‘You taught me language, and my profit on’t/ Is I know how to curse’
By Herbert Rothschild
Early in “The Tempest,” Shakespeare introduces us to Caliban, who, along with Prospero, Ariel and Miranda, forms the island community. Prospero keeps Caliban in a strict subjection against which he chafes angrily and later rebels. What prompted this treatment was Caliban’s attempt to rape Miranda. Prior to that, Prospero and his daughter treated him with kindness and tried to “civilize” him.
Part of that effort was teaching him language. Miranda says,
I pitied thee,
Took pains to make thee speak, taught thee each hour
One thing or other. When thou didst not, savage,
Know thy own meaning, but wouldst gabble like
A thing most brutish, I endow’d thy purposes
With words that made them known.
Caliban’s response is, “You taught me language, and my profit on’t/ Is I know how to curse.”
Caliban does curse, but not incessantly. At one point he tells the befuddled Stephano and Trinculo, on whom he foolishly stakes his hopes to attain his childish notion of freedom,
Be not afeard, the isle is full of noises,
Sounds, and sweet airs, that give delight and hurt not.
Sometimes a thousand twangling instruments
Will hum about mine ears; and sometimes voices,
That if I then had wak’d after long sleep,
Will make me sleep again, and then in dreaming,
The clouds methought would open, and show riches
Ready to drop upon me, that when I wak’d
I cried to dream again.
This speech never fails to stun, so revelatory is it of a sensibility exceeding that of the subhuman creature we had been led to think Caliban was. How characteristic of Shakespeare’s genius to render through fitting speech the complexity of our condition.
“The Tempest” is now playing at Oregon Shakespeare Festival. James Ryen’s Caliban stands out in a production that overall is a fine one. Concurrently playing is “Revenge Song, A Vampire Cowboys Production.” Last week, Ashland.news published a review of it by Lee Juillerat, who pronounced it “easily the worst” play he had ever seen at OSF. The review elicited several letters to the editor and many Facebook comments energetically defending the play.
I’m not in a position to pass judgment on “Revenge Song” because I haven’t seen it. What attracted my attention is the cursing in it. Juillerat remarked on its “non-stop use of the F word — you’ll hear it screamed and sung hundreds of times in two hours.” Because none of the responses contradicted this observation, I’ll assume that it’s true.

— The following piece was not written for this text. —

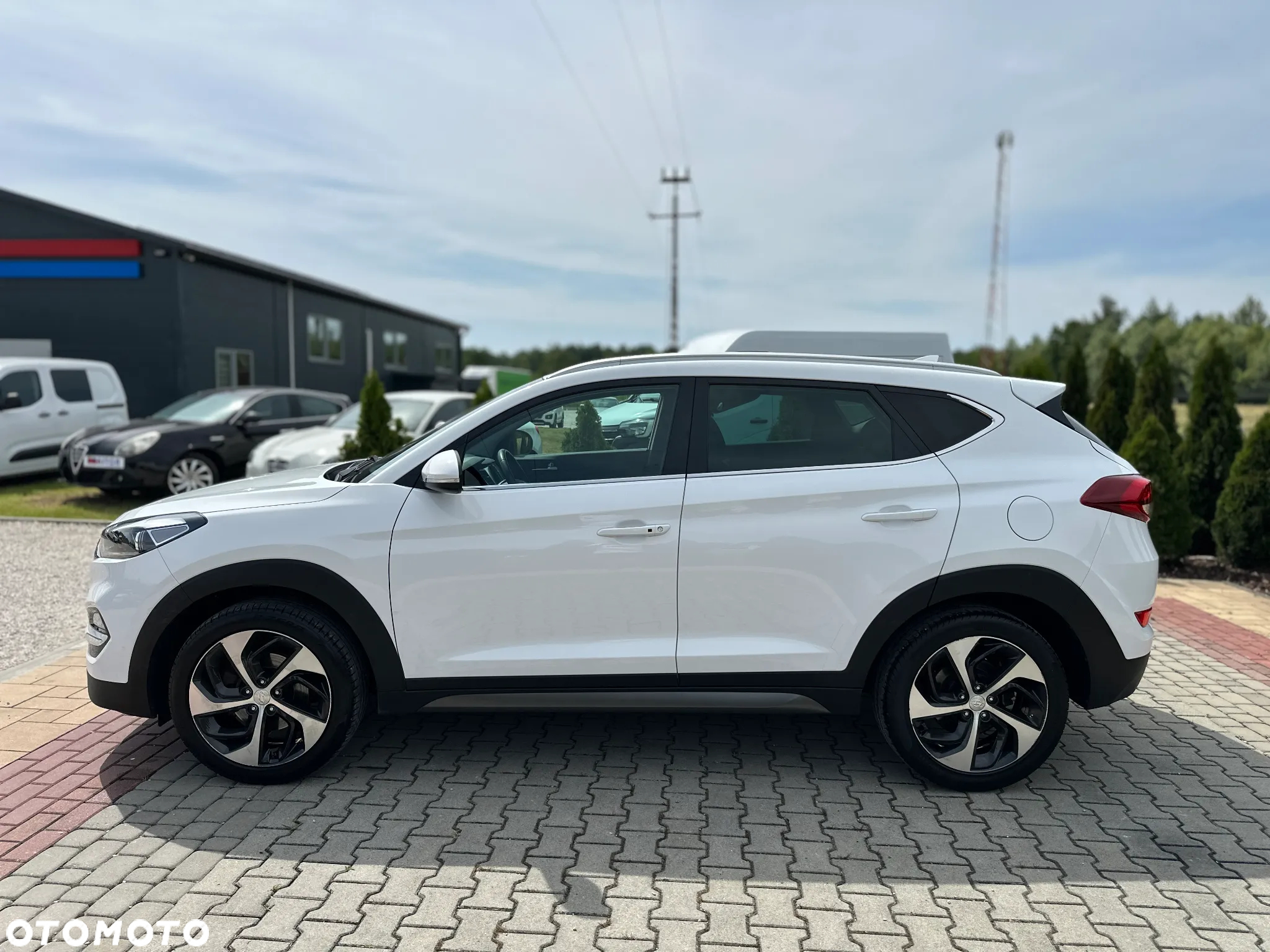Hyundai Tucson blue 1.7 CRDi 2WD Passion Plus - 11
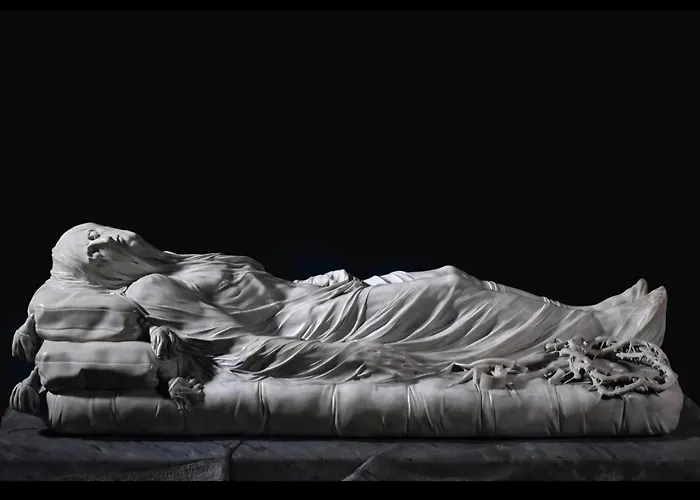 Апартаменты Sottosopra Chiaia *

When I was publishing Relocations in the Ashland Daily Tidings (RIP), part of my Feb. 22, 2020, column was devoted to the F word. I wrote that in my youth it was a class marker; it was used by lower-class people. Sometimes more socially respectable men used it among themselves, but women never did. That’s no longer the case. I concluded the column this way: “Something’s going on with the F word. I’m not sure what … Whatever, I find its ubiquity annoying. I’m thinking of swearing off it.”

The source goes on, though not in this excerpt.